PROMPT ->
Within the entries below, please return exactly the lines from the one with "Фото номера Лофт" through the one with "Panama City Beach", leaving out any pictures.

SUPPLIED RECORDS ->

● ● ● ● ● ● ●

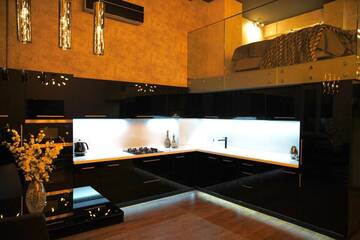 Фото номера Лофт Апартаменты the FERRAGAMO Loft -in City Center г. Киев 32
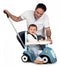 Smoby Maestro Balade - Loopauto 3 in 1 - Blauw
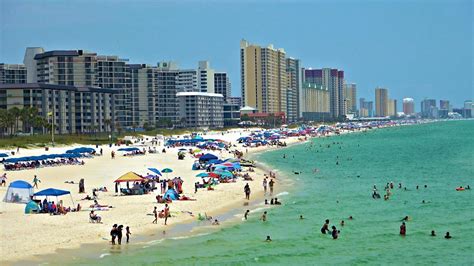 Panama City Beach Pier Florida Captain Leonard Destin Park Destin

● ● ● ● ● ● ●

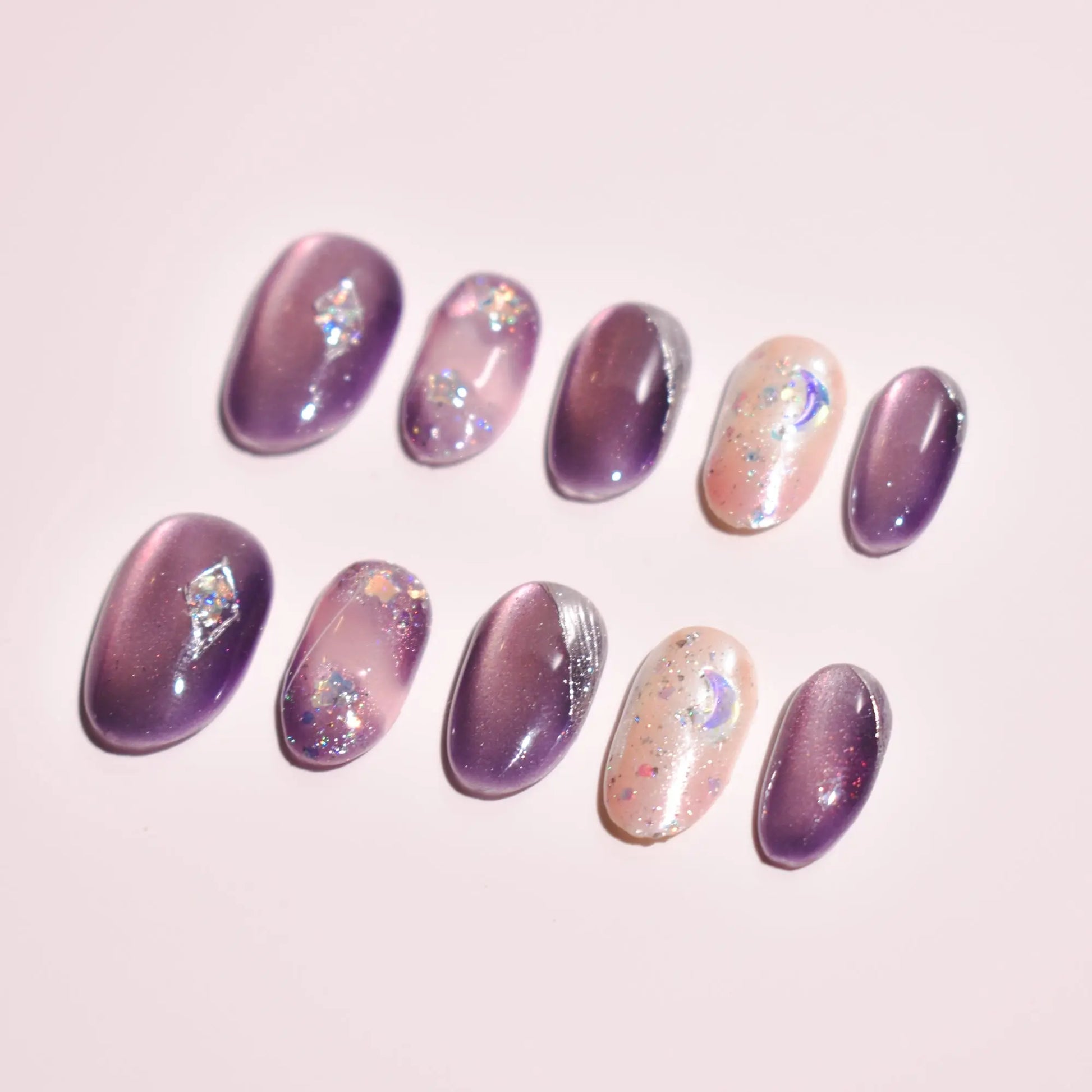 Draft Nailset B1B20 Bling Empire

● ● ● ● ● ● ●

SOLUTION FOR THIS TASK ->
 Фото номера Лофт Апартаменты the FERRAGAMO Loft -in City Center г. Киев 32
 Smoby Maestro Balade - Loopauto 3 in 1 - Blauw
 Panama City Beach Pier Florida Captain Leonard Destin Park Destin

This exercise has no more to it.